Of course my approach and reactions were childish, personal, egotistical—let’s face it, aren’t we appalling egotists?—but I think this was how I began to feel I could reach the truth, if I filtered these sensations through my true self, however limited that area might be. And that is how I have always gone about it, my darling—I can’t call you ‘lover’, although I suppose that, technically, is what you have been—or ‘dirty seducer’! If I hadn’t wanted,
had to be seduced
—still I prefer to think of you as the father of anything praiseworthy that will ever come out of me.

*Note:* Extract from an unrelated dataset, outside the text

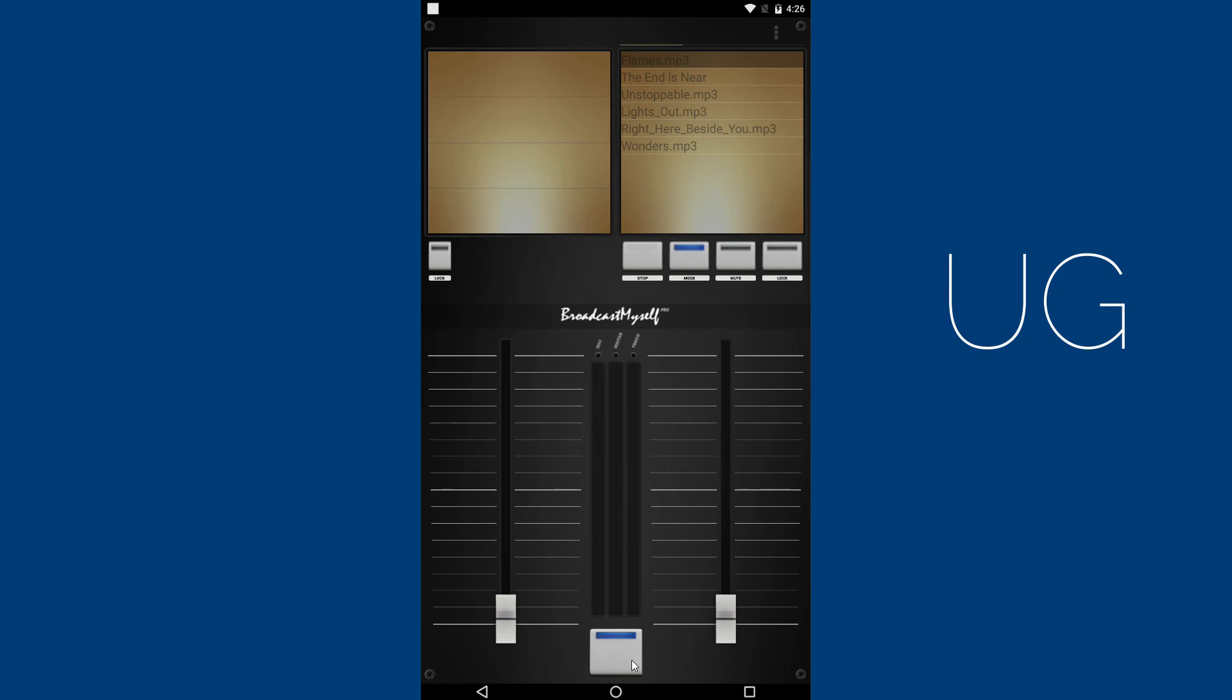To disconnect from the server, just click on the big button and you should see a pop-up saying Disconnected.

We are approaching London, everywhere a dirty yellow, just before dark. Although it is summer below, it is icy in the air. I am shivering. My lovely sables ought to keep me warm and safe, I paid for them myself. It’s so important to feel materially safe when you are the bastard of a runaway Russian seaman and my sainted Scottish mother. But I’m always cold and frightened in the beginning. And now we’re coming down. I am so afraid. I have never been here before. I might never have performed anywhere. It will be flat, pallid, airless, till I can rise above it—if I am ever again given the strength. Pray for me if you know how.
Love—k
 
Because he didn’t know where to direct his prayers, and would never have the courage to answer her letter, he began priming a board on which, probably tomorrow, he would start to paint, when his idea had descended out of the clouds, into the more practical extensions of space.
9
He had set out on some mission to the city, but got off the bus at the cathedral, and for no very clear reason was making for the State Gallery. Sick-witted ever since the bus began jolting his head apart. The women wouldn’t let him open a window; the draught might have blown their hair about. Ought to have exploited his gloom: felt numb ever since my daughter my little girlie left to further her overseas career; if it mightn’t have sounded as though he had committed a murder instead of creating life. Anyway, he disliked people who tell their life stories in buses. Anyway, they always left the murders out, because nobody would have believed.